Furthermore, a biological state output unit that outputs biological state data related to the biological state based on the biological information data, and an instruction output unit that compares the biological state data with health data and outputs an instruction signal are provided. In this way, the user can take out and use the program at a desired opportunity (claims 6 to 8).
[0112]
Furthermore, the interlocking unit can be configured to receive a plurality of pieces of biological information data. In this way, editing is performed based on various types of biological information, so that accurate and detailed editing is possible. (Claim 9).
The decoding unit may be configured to obtain the program data from a wireless signal, or may be obtained from a wired system or a recording medium on which information data is recorded. In addition, a large number of users can be acquired regardless of the installation location and the reception form (claims 10, 11).
[0113]
In addition, according to the video / audio data editing method of the present invention, the decoding step of demodulating the content data having the main data and the sub data and outputting the main data and the sub data, and the main data and the sub data are performed. An accumulation step for accumulating in the accumulation unit for data accumulation, an associated operation step for outputting an instruction signal instructing an associated operation associated with each of the sub data and the biological information data, and editing the sub data based on the instruction signal Sub data editing step, a data editing / output step for outputting reproduction data obtained by reproducing the main data based on the instruction signal, and a reproduction step for reproducing the main data. Performs related processing of included auxiliary data and biological information obtained from biological sensors, and edits and reproduces video, audio and auxiliary data. It can, it is possible to transmit the data to suit the health status of each user (claim 12).
[0114]
According to the video / audio data editing method of the present invention, the decoding step for demodulating the program data including the video / audio data and the auxiliary data, and outputting the video / audio data and the auxiliary data, the video / audio data and the auxiliary data are performed. An interlocking operation that outputs an instruction signal instructing an interlocking operation associated with each of an accumulation step for accumulating data in an accumulating unit for data accumulation, auxiliary data accumulated in the accumulating unit, and biological information data related to health An auxiliary data editing step for editing auxiliary data stored in the storage unit based on the instruction signal, a video / audio data output step for outputting reproduction data obtained by reproducing the video / audio data based on the instruction signal, and reproduction data The viewer has a gymnastic program that corresponds to each user. Can be generated (claim 13).
[0115]
Furthermore, the video / audio data generation method of the present invention includes a generation step of generating video / audio data composed of unit video / audio data corresponding to each scene in a program, and program attribute information data assigned to each scene. An auxiliary data superimposing step for superimposing auxiliary data on video / audio data in a predetermined horizontal section in a vertical blanking period, and a video / audio data transmitting step for transmitting video / audio data on which auxiliary data is superimposed are configured. So, for example, most of the dialogue and narration are displayed on the TV screen, so that people with hearing impairments can watch TV and videos, and English of people who use English as a second foreign language. It is also used for learning (claim 14).
[0116]
In addition, the auxiliary data superimposing step includes a horizontal section superimposing step of superimposing the auxiliary data on a predetermined horizontal section in the vertical blanking period of the second field, and an identification indicating that the auxiliary data is associated with the biological information data. And an identification information superimposing step for superimposing information on a predetermined horizontal section. In this way, for example, the health of each user can be maintained without changing the system format in the existing television broadcasting. A program suitable for the state can be provided (claims 15 and 16).

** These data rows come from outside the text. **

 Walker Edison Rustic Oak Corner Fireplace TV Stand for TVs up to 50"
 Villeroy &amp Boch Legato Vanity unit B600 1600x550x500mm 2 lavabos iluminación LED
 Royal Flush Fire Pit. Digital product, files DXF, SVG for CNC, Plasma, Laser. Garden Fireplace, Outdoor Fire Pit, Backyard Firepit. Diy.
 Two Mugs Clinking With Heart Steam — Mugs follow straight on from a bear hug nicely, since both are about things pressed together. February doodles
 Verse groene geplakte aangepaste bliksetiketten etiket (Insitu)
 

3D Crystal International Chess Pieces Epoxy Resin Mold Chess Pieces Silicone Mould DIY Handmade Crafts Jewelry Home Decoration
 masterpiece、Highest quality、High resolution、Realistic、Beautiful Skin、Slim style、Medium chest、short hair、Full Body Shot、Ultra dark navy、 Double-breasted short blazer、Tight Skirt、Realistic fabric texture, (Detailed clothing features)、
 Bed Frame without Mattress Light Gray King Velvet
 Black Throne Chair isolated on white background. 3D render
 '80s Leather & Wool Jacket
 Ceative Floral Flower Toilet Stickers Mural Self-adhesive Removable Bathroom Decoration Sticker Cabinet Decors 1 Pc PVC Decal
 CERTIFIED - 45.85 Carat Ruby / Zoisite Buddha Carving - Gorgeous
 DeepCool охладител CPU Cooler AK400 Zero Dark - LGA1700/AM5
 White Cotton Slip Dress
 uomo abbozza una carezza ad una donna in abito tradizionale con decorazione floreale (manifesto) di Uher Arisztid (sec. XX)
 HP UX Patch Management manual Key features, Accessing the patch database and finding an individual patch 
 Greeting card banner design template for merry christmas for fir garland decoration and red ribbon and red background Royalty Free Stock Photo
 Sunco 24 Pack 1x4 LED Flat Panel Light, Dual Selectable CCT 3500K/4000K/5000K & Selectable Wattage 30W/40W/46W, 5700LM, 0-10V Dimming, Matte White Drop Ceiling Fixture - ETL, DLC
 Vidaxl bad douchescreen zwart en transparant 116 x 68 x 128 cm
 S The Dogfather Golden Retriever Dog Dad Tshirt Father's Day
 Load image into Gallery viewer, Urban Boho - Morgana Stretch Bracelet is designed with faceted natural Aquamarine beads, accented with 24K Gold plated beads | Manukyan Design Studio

[Brief description of the drawings]
FIG. 1 is a configuration diagram of a broadcast / distribution system according to an embodiment of the present invention.
FIG. 2 is a schematic block diagram of a server according to an embodiment of the present invention.
3A is a diagram illustrating an example of auxiliary data according to an embodiment of the present invention, and FIG. 3B is a diagram for explaining data after interlocking processing according to an embodiment of the present invention. is there.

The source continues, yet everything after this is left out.